Rabat – Recent reports have caused Tunisia to once again reject the allegations of agreeing to host a U.S. military base for the fight against ISIS in Libya, creating more questions for some regarding relations between the U.S. and Tunisia.
Reports claiming that Tunisia had begun to obtain U.S. surveillance systems for what would be a U.S. military station in the city of Haouaria have sparked the debate, and many have either expressed denial or support for the idea.
According to the Italian newspaper report, the base would serve as a substitute for the Naval Radio Transmitter Facility Niscemi, a U.S. navy telecommunications station in Niscemi, Italy.
The Niscemi station’s operations have been frequently interrupted since 2012 after becoming the target of protests from local residents who disproved the installation of MUOS, a U.S. satellite system, for fear of potential environmental and health consequences caused by the radio waves.
The reports also suggested that Tunisian President Beji Caid Essebsi talked about bringing the surveillance equipment to Haouaria during his visit to the United States in May.
In response to the allegations, the spokesman of the Tunisian Presidency, Moez Sinaoui, told radio station MosaiqueFM that “Tunisia’s doctrine since independence has been to reject any establishment of a foreign military base in the country.”
While logistical support from the U.S. is important to Tunisia, hosting a military base would bring “catastrophic” results for the country, according to Dr. Mazen Cherif, a security expert and head of the Tunisian Center for Global Security Studies.
“Tunisia is the world’s top exporter of terrorists… Hosting the U.S. base would only invite more jihad in Tunisia,” said Cherif.
Mondher Thabet, a political analyst, also dismissed the allegations saying hosting a U.S. military base has been “off the table” for years.
“A U.S. military presence on Tunisian soil is a non-negotiable matter.

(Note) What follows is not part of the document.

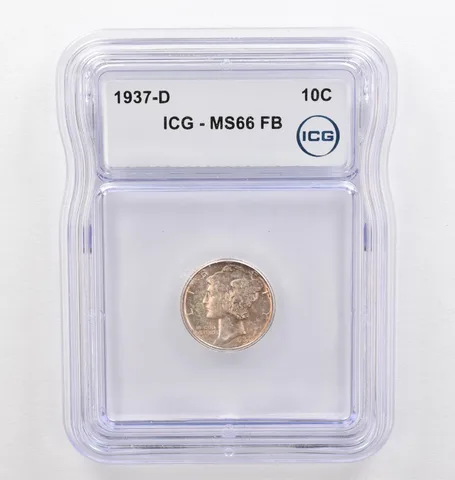 1937-D Mercury Dime MS66 FB ICG Beautiful Tone *0204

But I do back logistical, intelligence, technological, and training cooperation with the U.S.,” said Thabet.
These claims come soon after a recent report in the Wall Street Journal saying that the U.S. is currently discussing with North African countries about positioning drones at a base on their soil to prevent further expansion of ISIS in Libya.
Maj. James Brindle, a Pentagon spokesman, told Al Arabiya News that such a station in North Africa “would be for surveillance, not kinetic” and would be “a sovereign host government facility to which the U.S. is granted access.”
“We work closely with our African partners to counter violent extremism, address security challenges and promote regional stability, and will continue to do so,” Brindle stated, also noting that “no final decisions have been made.”